Steam Nextfest – Hollowbody

I wanted to play a game for this week but the library that I work at is currently moving to the newly constructed side of the building and I lost track of time. Fortunately, Nextfest was this past week and I can ALWAYS talk more about some demos. This week is a game that I have been following for a long time because it is made by one person and because it is a spooky horror game that is very reminiscent of some damn good survival horror games. This week is Hollow Body.

Hollow Body is a survival/psychological horror game from Headware Games. The game is slated to be released on the PC at some point in the future.

You play as Mica, a woman who will stop at nothing to find her missing partner Sasha. It had been twelve days since she went missing and the only shred of evidence you have is a call from a greedy border security agent who can get you through a small window to look for her. Mica takes up the offer and ventures off into the exclusion zone. She finds herself going in circles and crashes into a mysterious, desolate area with nothing but wits and a gun to find her partner.

Hollow Body plays like any early 2000s spooky game. You have the over-the-shoulder camera angle that will be the cinematic camera angle when walking down certain corridors and rooms. There are lots of notes and stuff to find that shed light on the whole situation and at times there are some puzzles and gunfights. The demo takes place in a suburban area that turns into a high-rise apartment complex where Sasha might have gone and we find out that something has happened; people were killed without hesitation and there is a strange fungus thing sprouting about, clinging to walls and the dead alike.

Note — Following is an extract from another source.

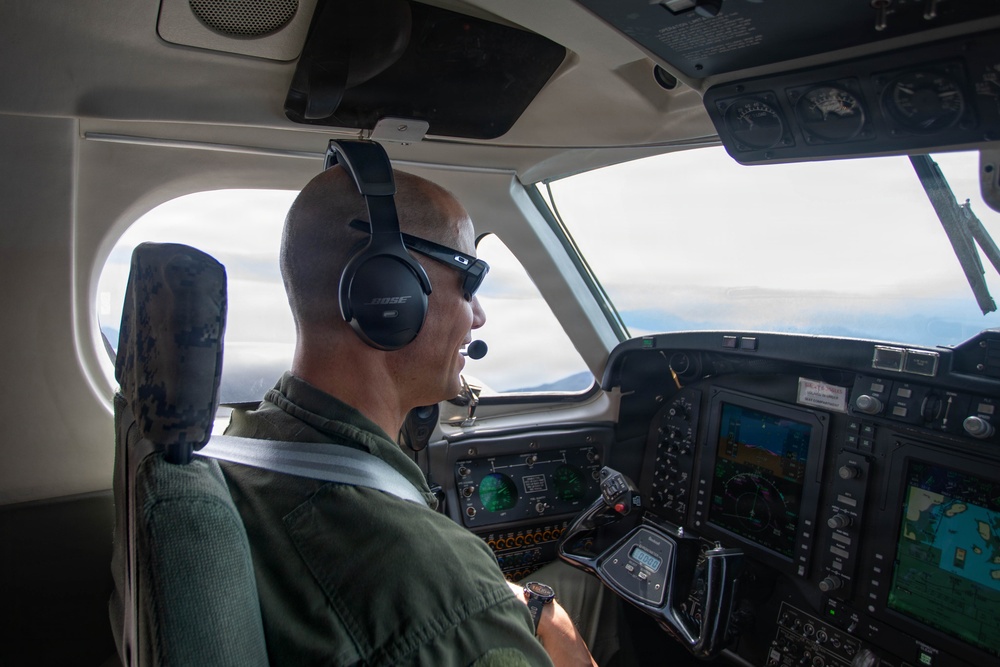 Maj. Weeks final flight at MCAS Iwakuni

Puzzles are fairly clever, I liked the way that the environment held the answer but it is up to the player to actually figure it out. In a world where AAA games tell you how to figure a puzzle out within a few seconds of introducing it, it is nice to have the time to solve the puzzle.

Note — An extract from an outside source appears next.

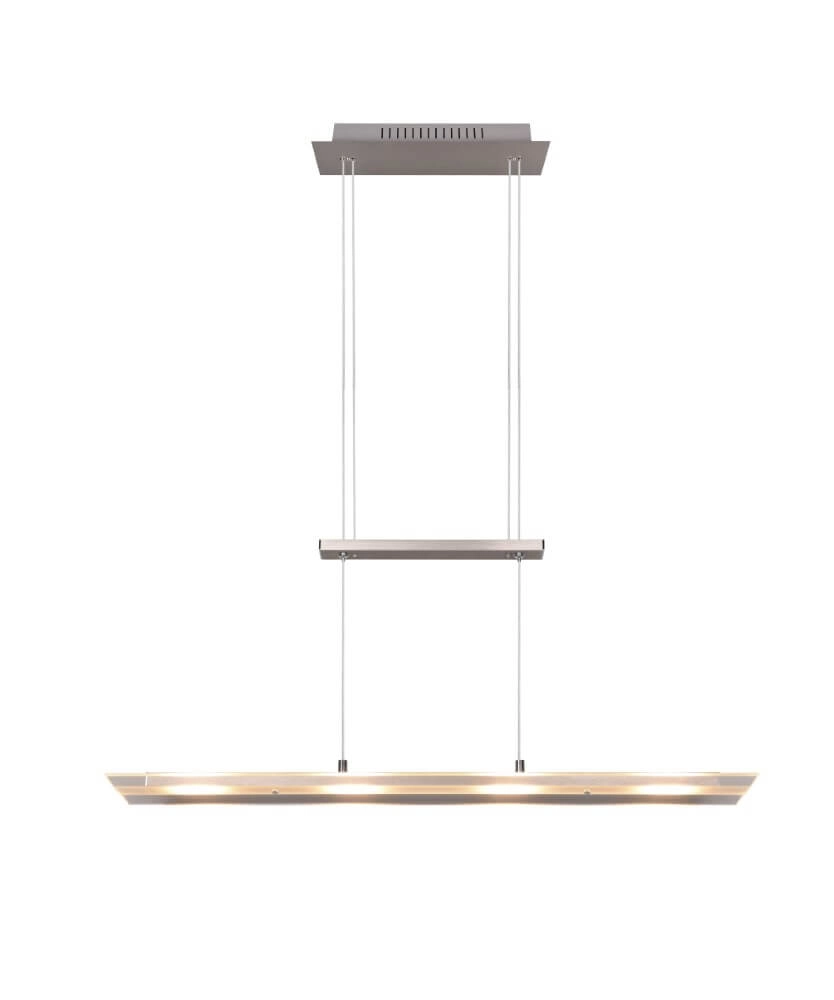 Glass pendant lamp Milos nickel Trio 4017807588262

I decided to put in how much I like the pause/inventory screen right here. I think it is the most fascinating thing in the game. On the pause screen, you have the map, inventory, and an eye that just bats at you in the background. Probably the best menu screen in a video game.

The shooting fulfills whatever spot it needs to. The player is mostly worried about investigating the area, unlocking safes, and picking up items. Most of the time, at least in the demo, ammo is the most prolific item. You can do the “combining” thing where two random items make a better item but most of your items will be on the floor or a nightstand. When the combat gets introduced you feel as if you are loaded to the teeth with ammo but be warned the 45 shots I had depleted quickly. Enemies shamble at a staggering rate and the aim mechanic is lock-on so worrying about hitting shots really doesn’t crop up.

Though the shooting does not require much skill, the enemies do cause a lot of anxiety.

Hollow Body is dark, and gritty and doesn’t falter on telling you what has happened in this ruined city. Lots of rubble and dead bodies to look at with a flashlight that really acts as a flashlight. It illuminates so much but it doesn’t intrude on the defined atmosphere. The monsters that eventually begin to come out from underneath the theoretical floorboards are gross and terrifying.

I’ve grown to really like the Silent Hill aesthetic is going on.

Hollow Body is a spooky game and the sound design compliments the game perfectly. The rain resonates as it hits the ground outside as you approach the apartment building and when you walk in it is eerily quiet as the sounds of your footsteps and a low hum fills the air. It is only when spooky things happen that sound blars forth at increasingly high volumes and it is enough to startle anyone.

The sound design is on point for the whole demo and elevates the whole thing.

Hollow Body‘s demo is a fantastic bite-sized portion of what will be a fantastic video game. Quote me on it. It has the whole survival horror thing down pat and with the added tech noir tag, it rises above anything else I am interested in in the horror genre. The gameplay is fun, the plot is so far so good and the game looks spooky. I love it.